Gerald Clarke Jr. juxtaposes tract housing and Native American baskets in this work.

UC Davis galleries and museums are preparing their winter quarter exhibits:

C.N. Gorman Museum

One Tract Mind, by Gerald Clarke Jr., Jan. 8-March 13. Artist talk and reception, 6 p.m., Feb. 17.

Clarke is a member of the Cahuilla Band of Indians and lives on the Cahuilla reservation near Palm Springs.

In this mixed media exhibition, he examines tract housing’s effect on native communities in Southern California. “Water rights, the environment and the preservation of sacred sites continue to be issues that find the state and California’s indigenous people in opposition,” a museum news release states. “Conflicting ideas of progress, quality of life and individual rights seem to be at the center of these interactions.”

The exhibition will feature video and photographic work, a sculptural installation and other assorted materials.

Nelson Gallery

Out in Space: Sculptures, Drawings, Paintings by Dave Lane, Jan. 8-March 8. Opening reception, 6 p.m. Jan. 8.

The Sacramento artist uses found industrial and agricultural machinery from the 19th and 20th centuries, transforming the steel objects into works that embody his vision of how the universe is organized.

“Lane is a visionary artist who sees the flow of the cosmos as part of a vast system of celestial machinery,” Nelson Director Renny Pritikin said.

Lane’s work is accessible to a wide range of people, from children who respond to its scale and scariness, to backyard mechanics who admire his resourcefulness.

A Nelson news release states: “Art audiences and artists respond to his imagination and originality while those approaching the arts for the first time are reassured that contemporary art can be fun.”

Buehler Alumni and Visitors Center

Selections from the Collection: Frank Van Sloun, Dec. 22-April 19. The “collection” is the UC Davis Fine Art Collection, maintained by the Nelson Gallery.

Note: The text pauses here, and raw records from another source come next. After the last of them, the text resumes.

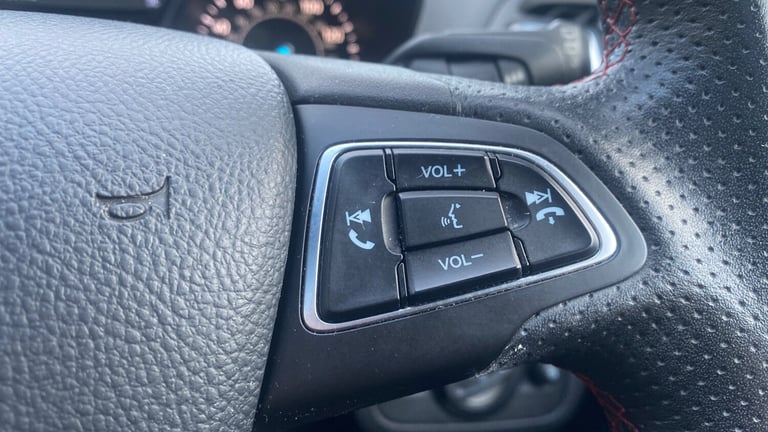 2019 Ford Kuga 1.5 TDCi EcoBlue ST-Line Edition SUV 5dr Diesel Manual Euro 6 (s/s) (120 ps SUV Di...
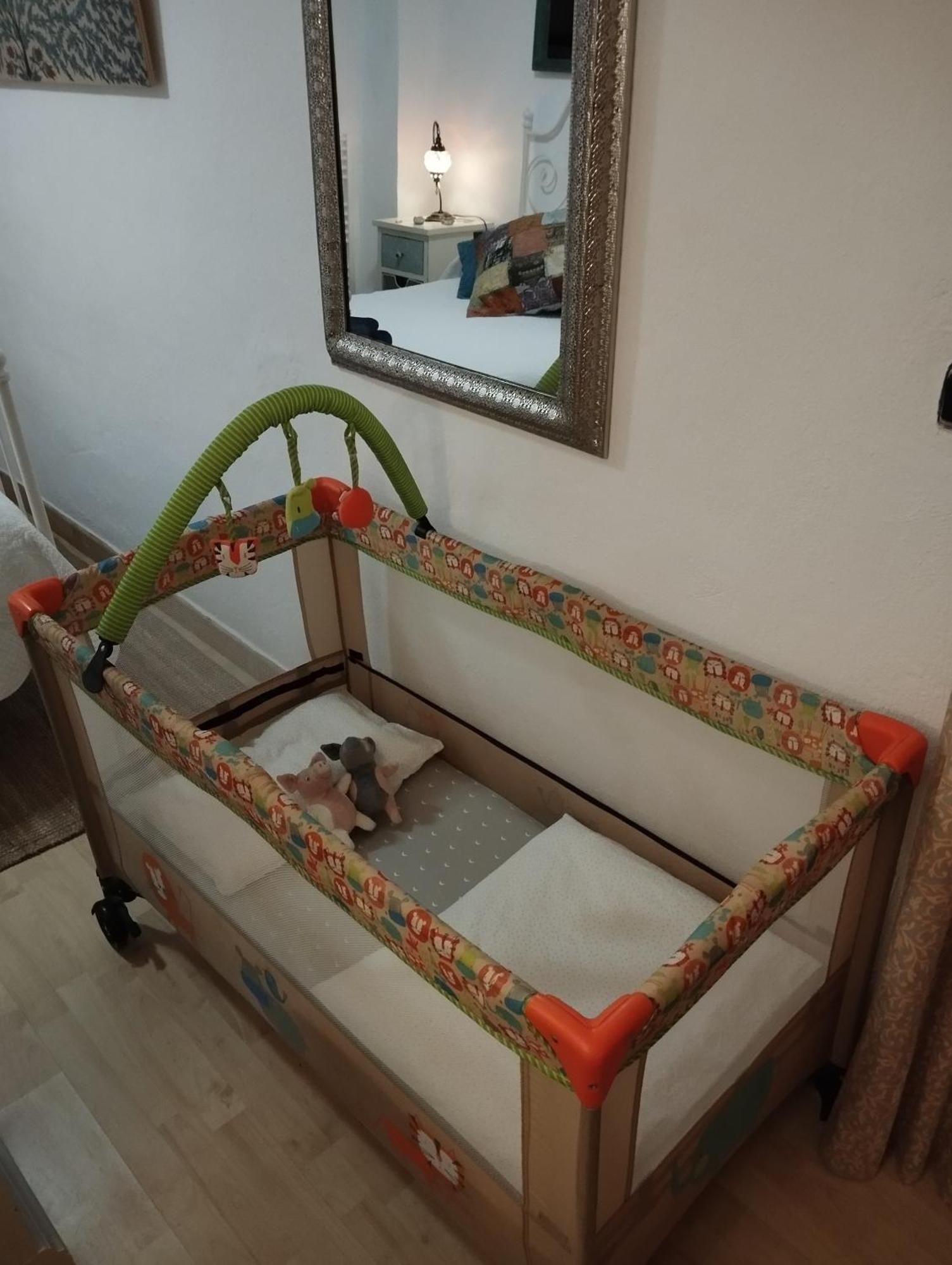 Apartamento Casa Altuna *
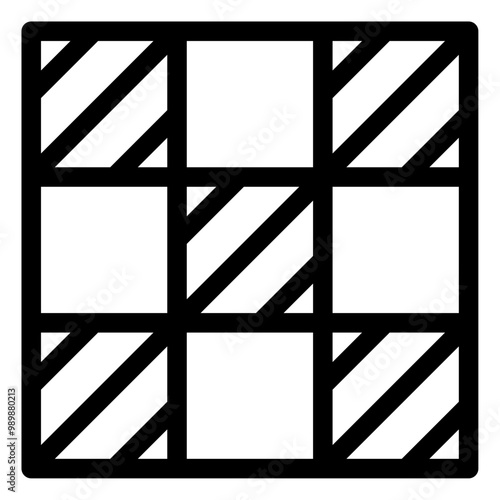 chessboard icon 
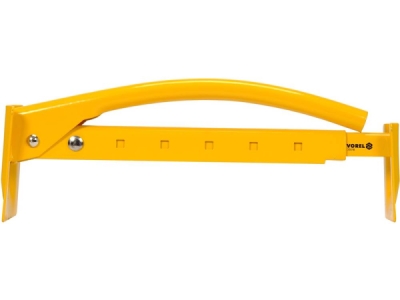 Vorel - Kliešte na prenáša tehál a blokov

Van Sloun (1879-1938) was an American realist painter associated with the Ash Can School of New York in the early years of the last century. He moved to the San Francisco Bay Area in 1911, started teaching at UC Berkeley in 1926 and achieved his greatest renown during the 1930s.

Nelson Entryway Gallery

Works by Bruce Conner, Jan. 8-March 8. Conner is “arguably the most important visual artist of the San Francisco Beat movement of the ’50s,” according to the Nelson Gallery Web site.

Conner, who died this year, made films, collages and assemblages. His collages are notable for their mystical suggestions and classical sources, and his assemblages for their use of recycled, often homely, found materials.

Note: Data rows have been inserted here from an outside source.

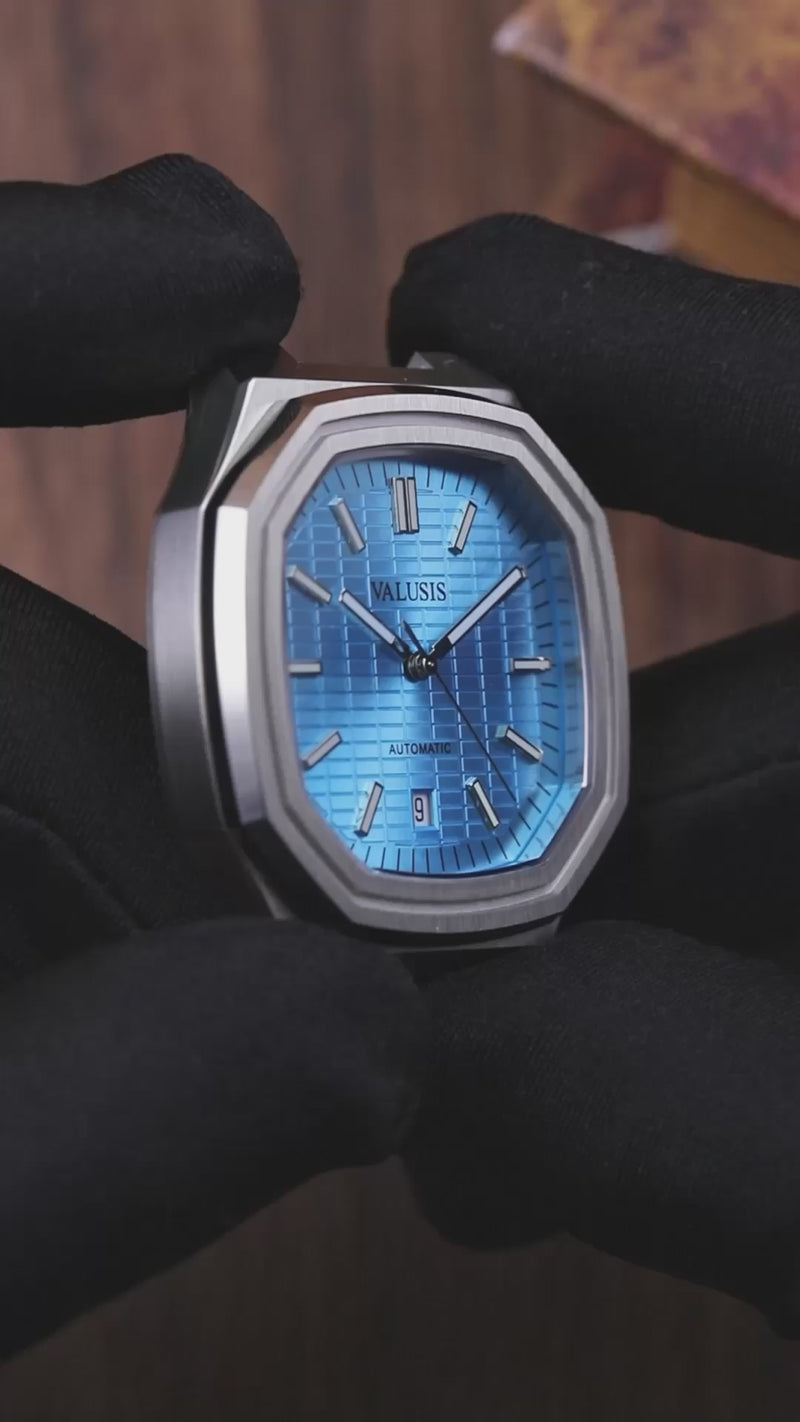 VOLT TURQUOISE AUTOMATIC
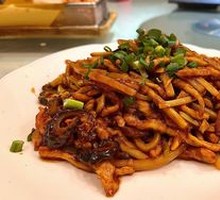 烧三丝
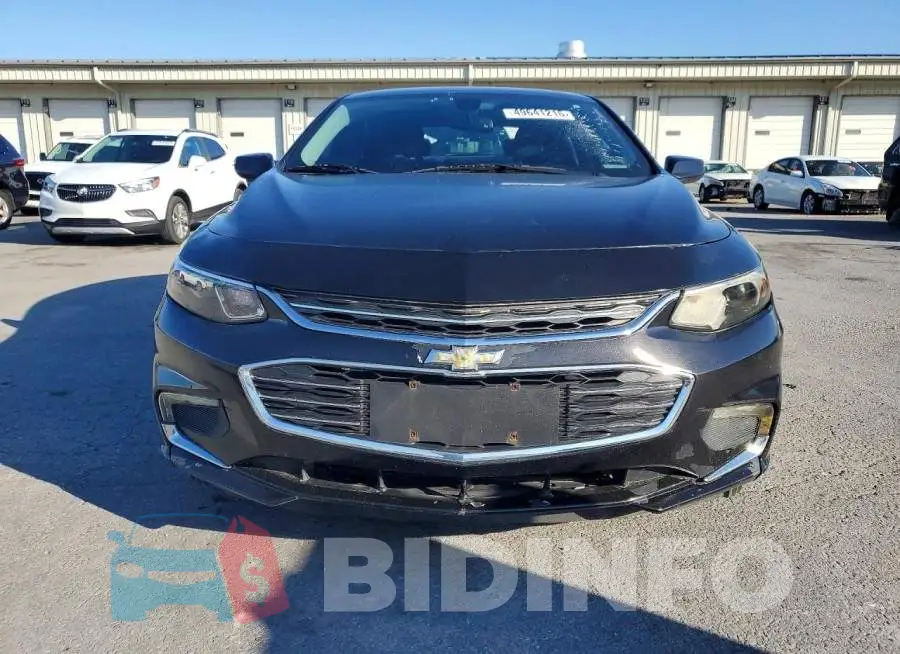 1G1ZD5STXJF215778 Photo# 5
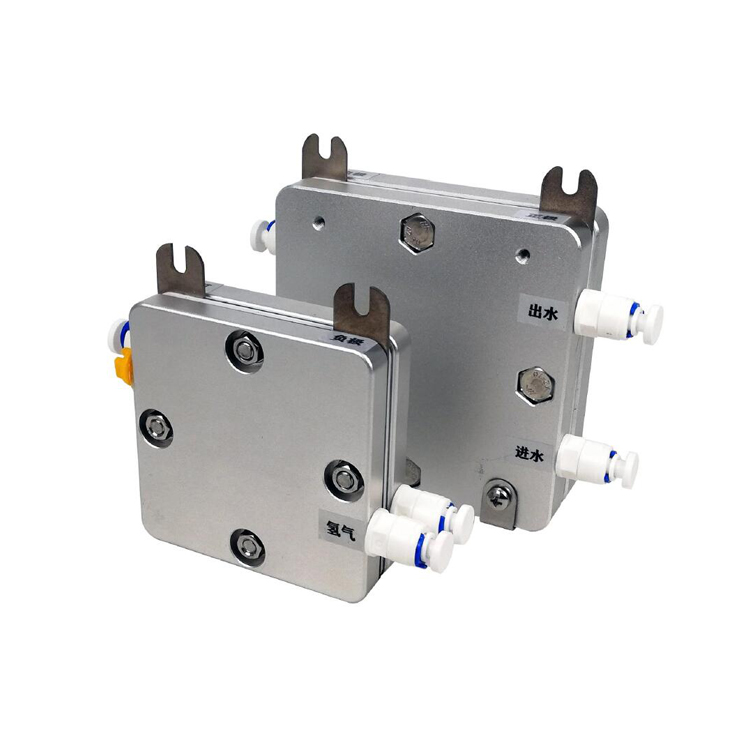 PEM electrolezers التي يسهل تشغيلها وصيانتها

A gallery spokeswoman said the show will include prints that the Nelson has not exhibited in 16 years, plus a never-before-seen assemblage.

Design Museum

subject/verb/object: work by Simon Johnston, Jan. 8-March 8. Designer’s talk, 6:30 p.m. Jan. 29, 176 Everson Hall.

Johnston’s works predominantly explore the slippery nature of language and its operations, and play with issues of meaning and representation. In this exhibition, he investigates the nature of visible language.

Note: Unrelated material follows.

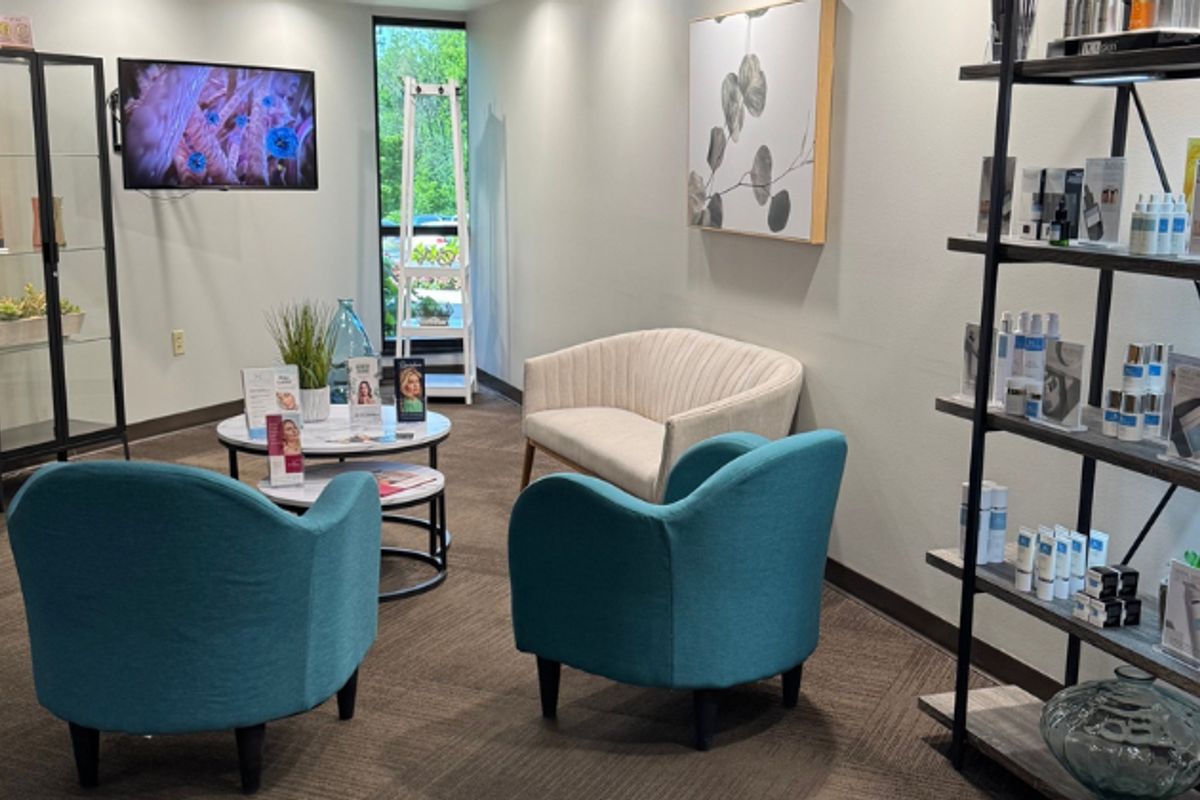 MKE Aesthetics & Wellness, med spa and aesthetic clinic in Brookfield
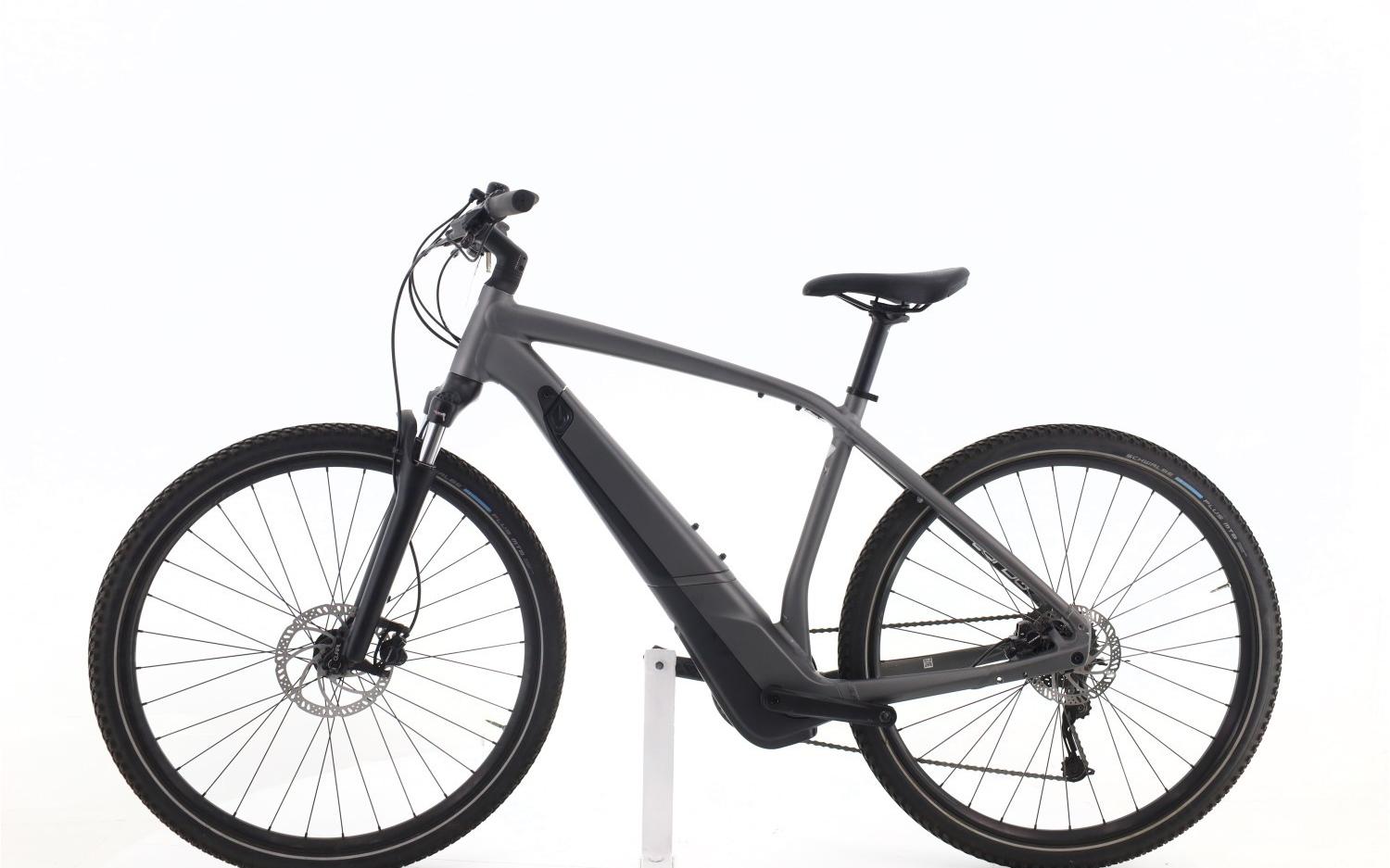 E-Bike Specialized Zyclora ·  Turbo Vado 3.0, Usata, 2021, Barcelona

The exhibition also includes some of Johnston’s commissioned design work, in particular publications for leading artists and cultural institutions.

Craft Center Gallery

The gallery will begin winter quarter with a digital photography show, “Toddler Investigations: Documentation at the Early Childhood Laboratory,” Jan. 5-Feb. 6, by Julia Luckenbill, Craft Center volunteer and Early Childhood Laboratory director.